Task item: Look in the listing below for the line that has "portada Tragedias. t.2. antigona;electra", then return it and each following line up to and including the one with "LA JOLIE MUSEAromatherapy", exactly and without pictures.

Input records:
********************

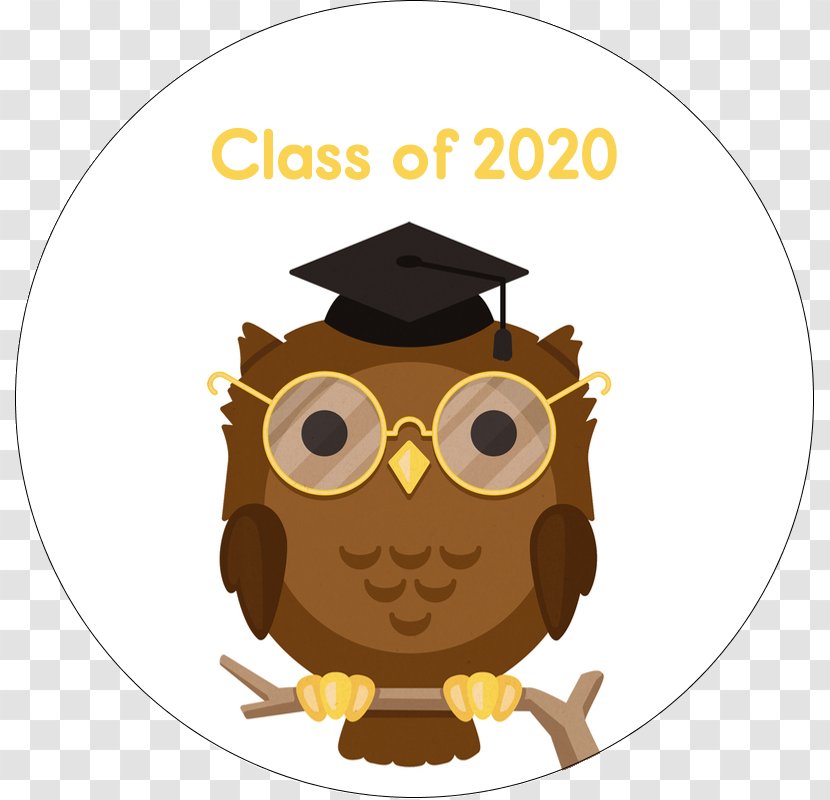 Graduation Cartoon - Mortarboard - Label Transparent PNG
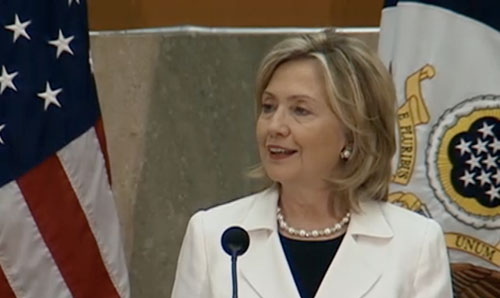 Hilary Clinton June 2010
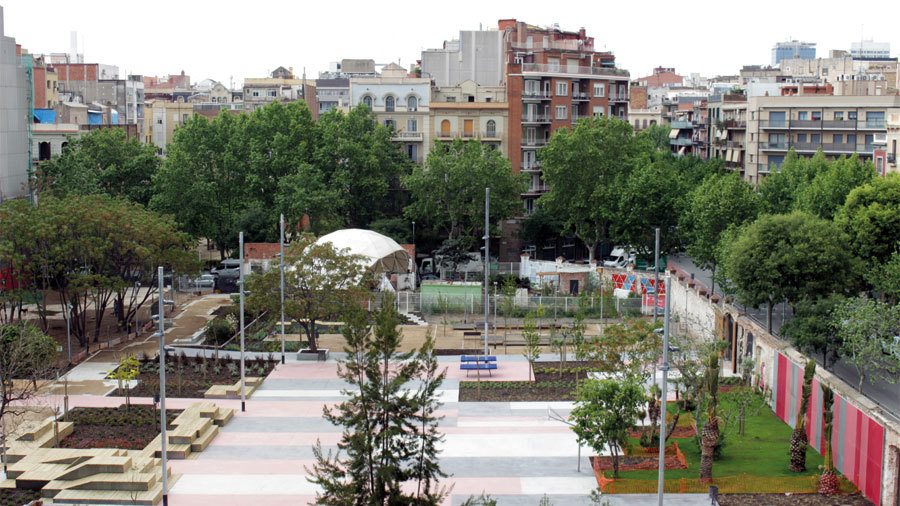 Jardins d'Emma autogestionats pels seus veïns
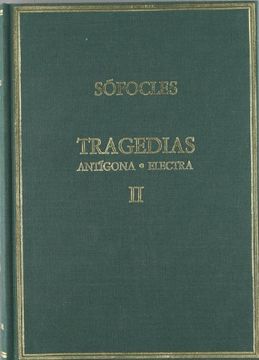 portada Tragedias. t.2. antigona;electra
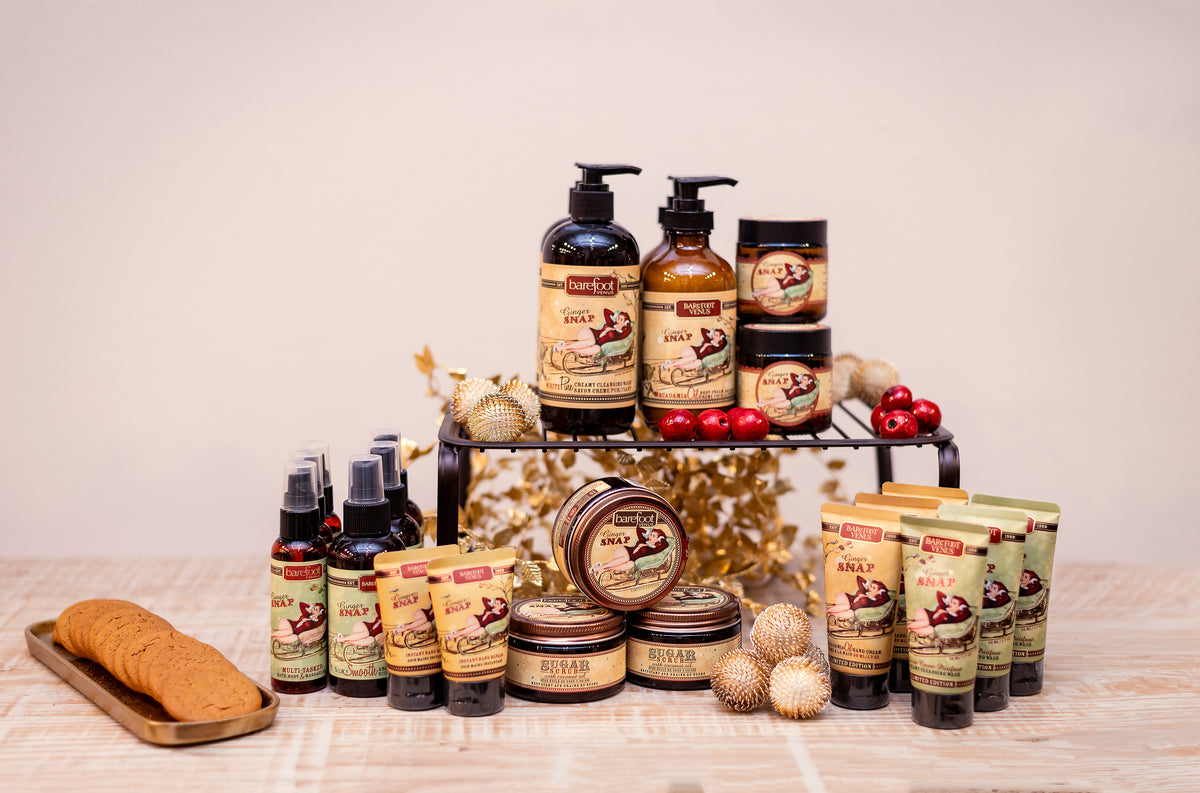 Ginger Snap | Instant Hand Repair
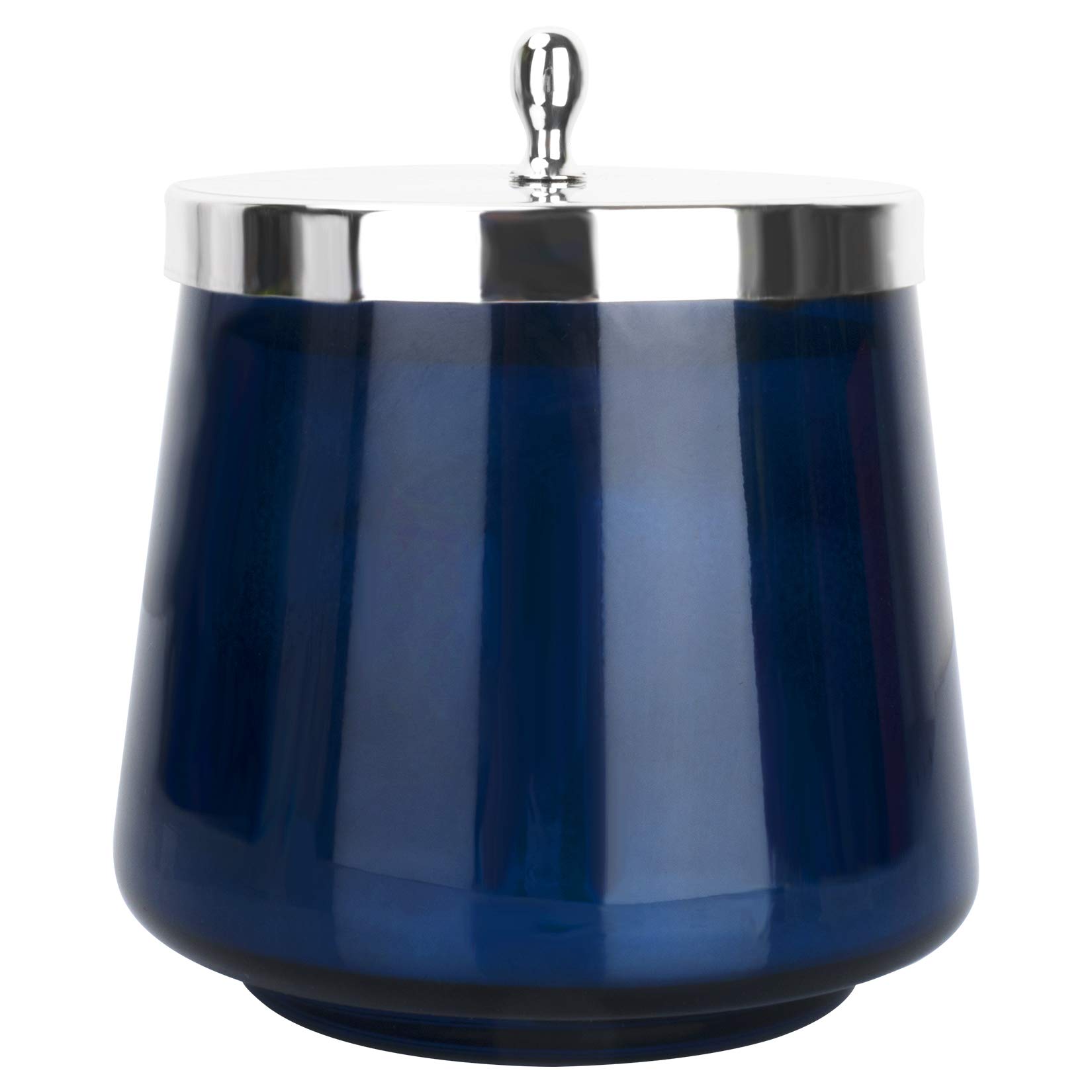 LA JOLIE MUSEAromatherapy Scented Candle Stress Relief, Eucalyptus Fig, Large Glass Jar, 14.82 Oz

********************

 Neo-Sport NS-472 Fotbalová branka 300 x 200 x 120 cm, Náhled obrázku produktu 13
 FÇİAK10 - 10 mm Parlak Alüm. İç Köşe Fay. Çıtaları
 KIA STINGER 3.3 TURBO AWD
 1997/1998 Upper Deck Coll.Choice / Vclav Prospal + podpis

********************

Response area:
 portada Tragedias. t.2. antigona;electra
 Ginger Snap | Instant Hand Repair
 LA JOLIE MUSEAromatherapy Scented Candle Stress Relief, Eucalyptus Fig, Large Glass Jar, 14.82 Oz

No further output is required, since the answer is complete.